= Al Ali (tribe) =

Bedouin tribe of the United Arab Emirates

The Al Ali (آل علي; singular Al-Aleeli Arabic: العليلي) is a tribe of the Arabian Peninsula, notably in the United Arab Emirates. The tribe originally settled the island of Siniyah off Umm Al Quwain, later moving to the mainland and building a fort and defensive wall there in the late 1700s, founding the Emirate of Umm Al Quwain (later a Trucial State and then one of the United Arab Emirates). The emirate consists in the main of the coastal city of Umm Al Quwain and the inland oasis town of Falaj Al Mualla, some 30 km from the coast.

Umm Al Quwain was distinguished among the Trucial States by the predominance of the Al Ali, who also constituted the tribe of the ruling family. The ruling family, known as Al Mualla, belonged to the Al Ali tribe. This contrasted with neighbouring Ajman, where the ruling family originated from a section of the Na’im, which constituted a minority among the local population.

The tribe was recorded by historian JG Lorimer as comprising 1,000 settled families in Umm Al Quwain, 200 in Sharjah and 150 in Ras Al Khaimah as well as some 140 nomadic families. The inland settlement of Falaj Al Ali was also fortified, including a trio of watchtowers (Murabbaa) which dominate the wide and fertile wadi there. This settlement later became known, after the ruling family, as Falaj Al Mualla.

According to Lorimer, approximately 5,000 Al Ali lived in the town of Umm Al Quwain, while the tribe also constituted the sole tribal population of Falaj Al Ali. The nomadic section inhabited the area between Umm Al Quwain and Jazirah Al Hamra and could support the ruler of Umm Al Quwain in times of conflict. The 1968 census recorded 2,862 Al Ali in Umm Al Quwain and 1,445 in Ras Al Khaimah, with a total recorded population of 5,058.

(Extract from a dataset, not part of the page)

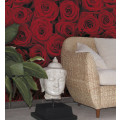 Roses - Thumbnail View 1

Historically, many Al Ali participated in the pearling industry. Despite Umm Al Quwain’s maritime economy, only one seagoing merchant vessel was registered to the emirate in 1905. Most of the date plantations cultivated by Al Ali tribesmen were owned by members of the ruling family. The name Al Mualla was used for the ruling family and was also applied to the tribe by their kinsmen, the Arab Al Ali, who had settled in the Shibkuh district of Persia.